Rising Above Our Best-Laid Plans

(For the audio version of this blog, please visit: http://brothersinchristcmf.org/wp-content/uploads/2022/11/Mass-Blog-for-the-1st-Sunday-in-Advent-2022.mp3)

We enter the season of Advent with many plans for the holidays and many hopes for peaceful get-togethers with relatives we love and those we tolerate. But to paraphrase Scottish Poet Robert Burns’ poem To a Mouse, “The best laid plans of mice and men often go awry.”

That line also set the theme for the classic John Steinbeck novel “Of Mice and Men,” the story of two itinerant laborers who keep getting into trouble wherever they go. It’s usually Lenny–the mentally challenged but lovable giant of a man–who gets the two of them into trouble for not knowing his own strength or just not knowing. As angry as George gets at Lenny, he also feels responsible for him–and possibly pities him for his condition. He repeatedly comforts Lenny—and himself—with dreams of one day buying their own piece of land which they’ll work for themselves, and they’ll have the power to welcome or to banish outsiders like themselves.
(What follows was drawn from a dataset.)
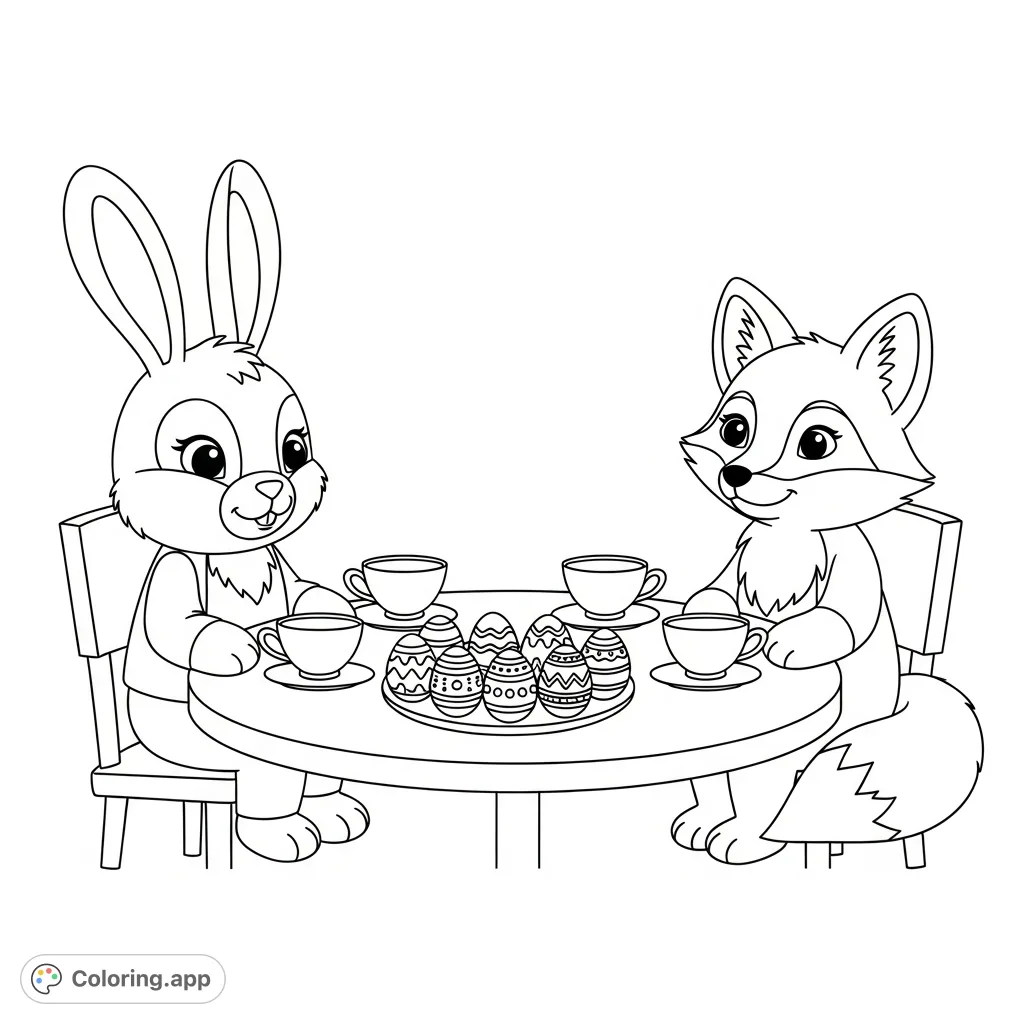A charming Easter coloring page featuring a consistent bunny and a gentle fox enjoying a tea party with decorated eggs. Perfect for a cozy creative session.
But by the end of the story, after George and the reader/audience has been exposed to the mercy killing of a fellow worker’s sick old dog (“to put it out of its misery”), George faces a predicament. Lenny winds up accidentally killing the boss’s girl and now faces revenge from an angry mob. Could a mercy killing be the answer to George’s repeated troubles with Lenny? He obviously pities his friend–but is that pity also SELF-pity or real compassion?

George ends up shooting Lenny in the back of the head to “save” him from the mob. This best-laid plan, based not only on pity, but also fear and hopelessness, ends this story. The tale has gone down in the history of literature as a humanitarian homily. But a certain homilist who lived 2000 years ago might have asked, did George’s plan save Lenny from a possibly crueler fate or did it save George from dealing with any future predicaments Lenny might get them into—and make them learn from?

We KNOW what Jesus planned—to give his own life to save ours. But this happened after teaching us to plan for the time we’ll join him in his Father’s house. At the heart of Jesus’s plan is the prophecy Isaiah shared with humanity generations before Jesus. It seems as dreamy as the one George uses to comfort Lenny and himself, but it requires us itinerant troublemakers to beat our swords into plowshares and our spears into pruning hooks. “One nation shall not raise the sword against another, nor shall they train for war again.” (Is 2:1-5)

Are we there yet, George??

Not long after Jesus was crucified for his salvific plan, Paul promised the Romans:

“Our salvation is nearer now than when we first believed; the night is advanced, the day is at hand. Let us then throw off the works of darkness and put on the armor of light; let us conduct ourselves properly as in the day.” (Rom 13:11-14)

That’s the kind of promise George would make to Lenny to comfort him when things looked their worst—like just before he shot him to put him out of their misery. Again, did he do this out of pity for his friend or was it self-pity—and fear of their seemingly hopeless situation?

Jesus’s best-laid plan requires us to ask such uncomfortable questions of ourselves. It’s based not only on Isaiah’s prophecy, but on the kind of faith-based planning that inspired Noah to build an ark to shelter his family from the coming flood (Mt 24:37-44). Jesus promised a shelter based in his Father’s kingdom for those who helped each other navigate there, guided by their works of light.

That destination is no place for self-pity’s hopelessness—only compassion’s promise. Compassion’s only connection with self comes by forging a bond with others and continuously strengthening it until the advent of an age when all bleeding—of mice and men—stops.